How to update list with function (with return value) in python

Question

I am implementing few list methods manually like append(), insert(), etc. I was trying to add element at the end of list (like append method). This the working code i am using:

arr = [4,5,6]

def push(x, item): 
  x += [item]
  return x

push(arr,7)
print(arr)      #Output: [4,5,6,7]

But when I am implementing same code with little difference. I am getting different output.

arr = [4,5,6]

def push(x, item): 
  x = x + [item]
  return x

push(arr,7)
print(arr)      #Output: [4,5,6]

And I am facing same for insert method. Here is code for insert method:

arr = [4,5,7,8]

def insert(x, index, item): 
  x = x[:index] + [item] + x[index:]
  return x

insert(arr,2,6)
print(arr)      #Output: [4,5,7,8]

I know I can store return value to the list by arr=insert(arr,2,6) but I want an alternative solution, that list automatically gets update after calling function like in my first code sample.

Edit 1: I think x[index:index] = [item] is better solution for the problem.

Answer 1

class DerivedList(list):
    def insertAtLastLocation(self,obj):
        self.__iadd__([obj])        

parameter=[1,1,1]
lst=DerivedList(parameter)
print(lst)   #output[1,1,1]
lst.insertAtLastLocation(5)
print(lst)   #output[1,1,1,5]
lst.insertAtLastLocation(6)
print(lst)   #output[1,1,1,5,6]

You can use this code to add one element at last position of list

class DerivedList(list):
    def insertAtLastLocation(self,*obj):
        self.__iadd__([*obj])

parameter=[1,1,1]
lst=DerivedList(parameter)
print(lst)    #output[1,1,1]
lst.insertAtLastLocation(5)
print(lst)     #output[1,1,1,5]
lst.insertAtLastLocation(6,7)
print(lst)    #output[1,1,1,5,6,7]
lst.insertAtLastLocation(6,7,8,9,10)
print(lst)   #output[1,1,1,5,6,7,8,9,10]

This code can add multiple items at last location

Answer 2

In your first example you mutated(a.k.a changed) the list object referred to by x.
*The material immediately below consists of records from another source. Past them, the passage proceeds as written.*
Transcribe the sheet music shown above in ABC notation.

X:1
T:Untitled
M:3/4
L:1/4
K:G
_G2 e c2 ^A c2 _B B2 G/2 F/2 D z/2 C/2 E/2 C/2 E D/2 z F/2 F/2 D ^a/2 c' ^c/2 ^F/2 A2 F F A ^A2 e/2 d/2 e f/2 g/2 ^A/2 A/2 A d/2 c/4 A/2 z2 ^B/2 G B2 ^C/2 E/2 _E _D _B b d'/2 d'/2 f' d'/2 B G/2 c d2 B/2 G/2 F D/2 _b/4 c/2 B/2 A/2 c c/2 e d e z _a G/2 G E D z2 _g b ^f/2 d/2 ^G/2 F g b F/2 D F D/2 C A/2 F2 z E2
When Python sees x += [item] it translates it to:

x.__iadd__([item])

As you can see, we are mutating the list object referred to by x by calling it's overloaded in-place operator function __iadd__. As already said, __iadd__() mutates the existing list object:

>>> lst = [1, 2]
>>> lst.__iadd__([3])
[1, 2, 3]
>>> lst
[1, 2, 3]
>>> 

In your second example, you asked Python to assign x to a new reference. The referenced now referrer to a new list object made by combining (not mutating) the x and [item] lists. Thus, x was never changed.

When Python sees x = x + [item] it can be translated to:

x = x.__add__([item])

The __add__ function of lists does not mutate the existing list object. Rather, it returns a new-list made by combing the value of the existing list and the argument passed into __add__():

>>> lst = [1, 2]
>>> lst.__add__([3]) # lst is not changed. A new list is returned.
[1, 2, 3]
>>>

You need to return the the result of the version of push to the arr list. The same goes for insert.

Answer 3

The problem is that you haven't captured the result you return. Some operations (such as +=) modify the original list in place; others (such as x = x + item) evaluate a new list and reassign the local variable x.
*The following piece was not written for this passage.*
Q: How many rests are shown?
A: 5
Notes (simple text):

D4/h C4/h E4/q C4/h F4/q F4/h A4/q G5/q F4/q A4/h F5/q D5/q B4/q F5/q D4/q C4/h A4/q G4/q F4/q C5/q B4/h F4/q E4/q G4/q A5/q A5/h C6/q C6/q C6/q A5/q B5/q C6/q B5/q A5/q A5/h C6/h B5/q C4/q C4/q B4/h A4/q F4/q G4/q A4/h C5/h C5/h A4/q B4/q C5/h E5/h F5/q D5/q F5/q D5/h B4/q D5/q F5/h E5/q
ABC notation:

In particular, note that x is not bound to arr; x is merely a local variable. To get the returned value into arr, you have to assign it:

arr = push(arr, 7)

or

arr = insert(arr, 2, 6)

Answer 4

You can assign to a slice of the list to implement your insert w/o using list.insert:

def insert(x, index, item):
    x[:] = x[:index] + [item] + x[index:]
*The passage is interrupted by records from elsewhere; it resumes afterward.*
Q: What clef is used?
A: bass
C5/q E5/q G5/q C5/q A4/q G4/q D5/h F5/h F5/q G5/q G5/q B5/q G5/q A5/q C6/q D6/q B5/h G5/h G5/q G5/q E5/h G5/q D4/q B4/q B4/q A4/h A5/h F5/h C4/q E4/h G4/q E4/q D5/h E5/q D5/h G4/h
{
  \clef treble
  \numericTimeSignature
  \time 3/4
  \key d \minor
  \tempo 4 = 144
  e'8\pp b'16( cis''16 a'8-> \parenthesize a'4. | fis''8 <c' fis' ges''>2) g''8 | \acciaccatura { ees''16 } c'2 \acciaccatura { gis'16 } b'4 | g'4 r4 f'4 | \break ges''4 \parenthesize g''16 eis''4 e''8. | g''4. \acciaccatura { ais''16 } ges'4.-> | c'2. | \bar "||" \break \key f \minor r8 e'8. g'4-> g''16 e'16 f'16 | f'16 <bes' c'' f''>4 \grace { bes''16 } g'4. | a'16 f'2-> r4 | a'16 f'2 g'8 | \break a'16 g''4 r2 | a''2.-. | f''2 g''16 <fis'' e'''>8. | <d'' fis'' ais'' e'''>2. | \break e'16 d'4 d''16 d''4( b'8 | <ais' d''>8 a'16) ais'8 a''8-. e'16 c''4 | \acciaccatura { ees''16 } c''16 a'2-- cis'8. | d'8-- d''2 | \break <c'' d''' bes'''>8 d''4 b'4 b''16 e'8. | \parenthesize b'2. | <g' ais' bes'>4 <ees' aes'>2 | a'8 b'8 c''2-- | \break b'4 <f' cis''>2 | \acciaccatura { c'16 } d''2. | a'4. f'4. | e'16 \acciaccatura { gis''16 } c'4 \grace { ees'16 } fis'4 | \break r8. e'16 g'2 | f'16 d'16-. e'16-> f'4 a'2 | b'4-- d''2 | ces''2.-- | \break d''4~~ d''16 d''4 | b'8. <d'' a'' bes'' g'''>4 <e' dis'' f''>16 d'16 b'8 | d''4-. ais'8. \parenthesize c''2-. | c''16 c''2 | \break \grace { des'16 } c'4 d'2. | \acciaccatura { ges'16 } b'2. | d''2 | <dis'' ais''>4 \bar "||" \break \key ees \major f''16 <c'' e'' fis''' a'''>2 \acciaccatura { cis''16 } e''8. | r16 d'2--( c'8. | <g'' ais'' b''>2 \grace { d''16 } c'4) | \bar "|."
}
this replaces the contents of the object referenced by x with the new list. No need to then return it since it is performed in-place.

Answer 5

x += [item] and x = x + [item] are not a little difference. In the first case, you are asking to make a change to the list referenced by x; this is why the result reflects the change. In the second, you are asking to have x reference a new list, the one made by combining x's original value and [item]. Note that this does not change x, which is why your result is unchanged.

Also note that your return statements are irrelevant, since the values being returned are ignored.